Was there more to life?
More to her?
She couldn’t recall the night before. That was unusual. Why was it so hard to remember? It’s not as if she was afraid to remember. Why on Earth would her mind hide it? There was nothing to fear. The current situation was just a mix-up, nothing serious, just a slight inconvenience that she would emerge from and move on.
The sliver of recognition arose only long enough to provoke her interest, and then retreated into the vast recesses of black memory. She pushed deeper. It had to be there. What had happened the night before? She sat up, enthralled by the possibility.
A new emotion?
She could lie with no difficulty, could get out of any situation imaginable. She could control her reactions because she felt nothing. Now she felt curiosity. That was something special, something aside from boredom and restlessness. She smiled. It was wonderful. She felt young again when there was so much to learn and explore.
She went deeper, what really had happened? What was that damned spark of knowledge keeping from her? She reclined on the thin mattress, determined to remember. She just had to. She had no desire to know anything aside from what it was trying to tell her.
Her eyes widened as she remembered coming home from work. That was something. She left the retirement home as usual and went home. She didn’t have blackouts. It wasn’t like her to lose track of a day. She went home in the same manner, but a man stood by the road. He stood there with his thumb in the air, waiting for a ride. She picked him up, against her practical side’s protest. She picked him up and what happened?
She couldn’t remember.
Her mind rolled through swirls of shadows and mist, it was there. The full recognition was there. He started saying how she shouldn’t be picking hitchhikers up without a weapon. She shouldn’t….

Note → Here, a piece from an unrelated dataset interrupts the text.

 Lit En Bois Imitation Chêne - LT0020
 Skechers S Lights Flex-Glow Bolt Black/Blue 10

She had grabbed the stun gun beneath the console and jolted him. Only before it touched him, she switched it to the highest level and stunned him. That happened just before she pushed him out of the car, off a bridge, and into the flooded river below.

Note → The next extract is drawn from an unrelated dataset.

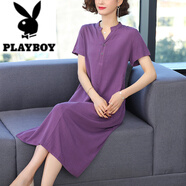 花花公子（PLAYBOY）高端闊太太襯衫裙夏季年輕媽媽減齡顯瘦棉綢連衣裙中老年大碼長裙 紫色 -717款 XL 建議90-110斤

But, there had been much more. The drifter shook and jerked from the electricity until he hit the water. She didn’t know what happened to him after she dumped him. She didn’t remain to watch.
She had then hit a deer with her car. That was how her car’s window fractured. She floored it, on purpose, and struck the animal. She couldn’t even remember why she did it. She pushed her mind further. She had wanted to feel. She recalled. She just wanted to see if anything at all might provoke her heart. Did she even have a heart? She had hit the deer to see if she could feel pity or remorse, regret or anything. There was still nothing.
Was that all?
No, it had been far from over. The evening was young and she took advantage of it. She was determined she would feel something. Enraged at her lack of ability, she killed. She remembered it, four men and two women in one evening. She tried to remember more about it. It was so difficult.

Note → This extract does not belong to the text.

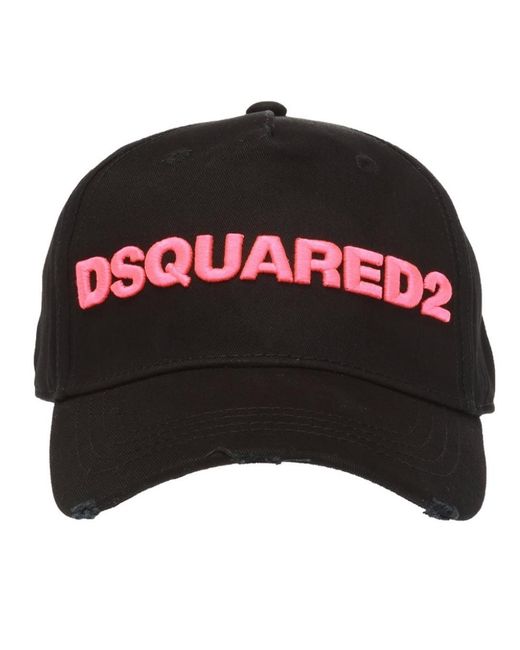DSquared² Rosa Gesticktes Logo Cap in Black für Herren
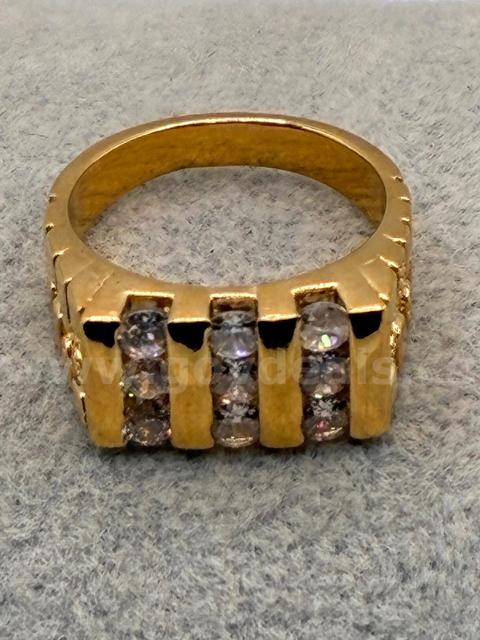 Size 12 1/2, Mens, Bar W/CZ Nugget Ring. 24K Real Gold Filled.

That was why she was in the room, why they kept talking about her future. They hadn’t merely caught her fingerprints. They found blood from where the persistent woman had clawed her. She looked down at her arm, those scratches. That dead woman made those scratches.
Her eye itched. It felt moist and strange. She reached a hand to wipe her eye and looked at her fingers. She had no allergies, her eyes never watered. Yet, here was her tear.
The first tear she’d cried in her life.
Why was she crying? The tiny drop moved over her skin. It was astounding. It looked like a liquid prism and didn’t turn to ice as she suspected it would. She was so cold.